Authors Al-Fayoumi S, Hashiguchi T, Shirakata Y, Mascarenhas J, Singer JW

Received 20 September 2017

Accepted for publication 29 January 2018

Published 9 May 2018 Volume 2018:10 Pages 9—17

DOI https://doi.org/10.2147/JEP.S150729

Checked for plagiarism Yes

Review by Single-blind

Peer reviewers approved by Dr Amy Norman

Peer reviewer comments 3

Editor who approved publication: Professor Bal Lokeshwar

Suliman Al-Fayoumi,1 Taishi Hashiguchi,2 Yuka Shirakata,2 John Mascarenhas,3 Jack W Singer1

1CTI BioPharma, Seattle, WA, USA; 2SMC Laboratories, Tokyo, Japan; 3Tish Cancer Institute, Icahn School of Medicine at Mount Sinai, New York, NY, USA

Background: Fibrotic diseases result from an exuberant response to chronic inflammation.
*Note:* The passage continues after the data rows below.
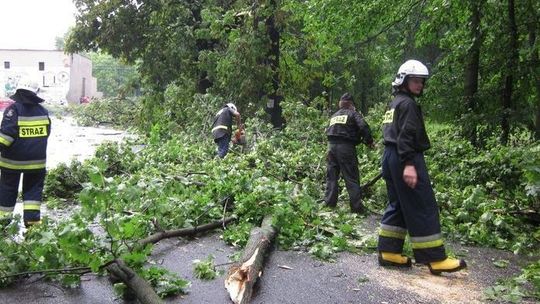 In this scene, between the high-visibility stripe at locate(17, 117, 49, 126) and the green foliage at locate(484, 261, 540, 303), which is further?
the high-visibility stripe at locate(17, 117, 49, 126)

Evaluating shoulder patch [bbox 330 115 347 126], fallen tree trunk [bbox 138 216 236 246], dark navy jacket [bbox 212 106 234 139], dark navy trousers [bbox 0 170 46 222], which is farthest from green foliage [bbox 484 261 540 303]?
dark navy jacket [bbox 212 106 234 139]

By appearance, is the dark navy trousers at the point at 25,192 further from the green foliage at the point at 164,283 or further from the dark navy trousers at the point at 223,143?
the dark navy trousers at the point at 223,143

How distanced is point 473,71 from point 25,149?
31.5 feet

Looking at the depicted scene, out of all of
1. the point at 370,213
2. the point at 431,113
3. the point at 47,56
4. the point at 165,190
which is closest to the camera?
the point at 165,190

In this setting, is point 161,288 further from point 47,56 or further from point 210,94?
point 47,56

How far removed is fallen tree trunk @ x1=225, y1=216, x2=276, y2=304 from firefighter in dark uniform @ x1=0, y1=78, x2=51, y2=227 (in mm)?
2537

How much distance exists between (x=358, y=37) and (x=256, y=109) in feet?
11.1

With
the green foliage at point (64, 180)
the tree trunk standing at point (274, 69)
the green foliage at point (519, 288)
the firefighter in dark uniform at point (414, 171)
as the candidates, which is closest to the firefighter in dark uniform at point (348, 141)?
the firefighter in dark uniform at point (414, 171)

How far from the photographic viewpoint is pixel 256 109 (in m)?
14.6

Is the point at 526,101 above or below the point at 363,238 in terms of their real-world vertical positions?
above

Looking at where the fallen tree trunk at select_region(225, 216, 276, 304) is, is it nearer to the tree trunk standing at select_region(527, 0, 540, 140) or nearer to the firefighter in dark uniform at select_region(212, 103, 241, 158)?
the firefighter in dark uniform at select_region(212, 103, 241, 158)

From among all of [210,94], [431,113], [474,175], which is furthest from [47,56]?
[474,175]

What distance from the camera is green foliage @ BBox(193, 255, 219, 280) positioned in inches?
175

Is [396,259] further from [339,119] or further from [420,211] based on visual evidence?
[339,119]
Myelofibrosis is the end result of inflammation in bone, caused by an inflammatory process triggered by production of abnormal myeloid cells driven by mutations affecting the JAK–STAT pathway. Inflammatory cytokine overproduction leads to increased mesenchymal cell proliferation, culminating in fibrosis. Although JAK2 inhibitors, such as the JAK1/2 inhibitor ruxolitinib and the JAK2/FLT3/CSF1R/IRAK1 inhibitor pacritinib suppress abnormal clone expansion in myelofibrosis, ruxolitinib does not appear to prevent or reverse bone-marrow fibrosis in most patients. In two Phase III clinical trials, pacritinib, however, demonstrated improvements in platelet counts and hemoglobin and reductions in transfusion burden in some patients with baseline cytopenias, suggesting it may improve bone-marrow function. Unlike ruxolitinib, pacritinib suppresses signaling through IRAK1, a key control point for inflammatory and fibrotic signaling.
Purpose: To investigate potential antifibrotic effects of pacritinib in an animal model of liver fibrosis relevant to the observed course of human disease.
Methods: Pacritinib, negative control (vehicle), and positive control (the angiotensin 2-receptor antagonist and PPARγ partial agonist telmisartan) were assessed in the murine Stelic animal model, which mimics the clinically observed progression from hepatic steatosis to nonalcoholic steatohepatitis, liver fibrosis, and hepatocellular carcinoma. Histopathological analysis used hematoxylin and eosin staining. Body and liver weight changes, nonalcoholic fatty-liver disease activity scores, and plasma cytokeratin 18 fragment levels (a biomarker of hepatic necrosis) were measured.
Results: Pacritinib-treated mice had significantly (P<0.01) reduced fibrotic areas in liver compared to vehicle control and significantly (P<0.05) lower levels of CK18. The antifibrotic effect of pacritinib was comparable to that of telmisartan, but without significant effects on fat accumulation.
Conclusion: These results, the first to demonstrate hepatic antifibrotic effects for pacritinib in an animal model of liver disease, provide preliminary support for potential clinical applications of pacritinib in fibrotic diseases other than myelofibrosis.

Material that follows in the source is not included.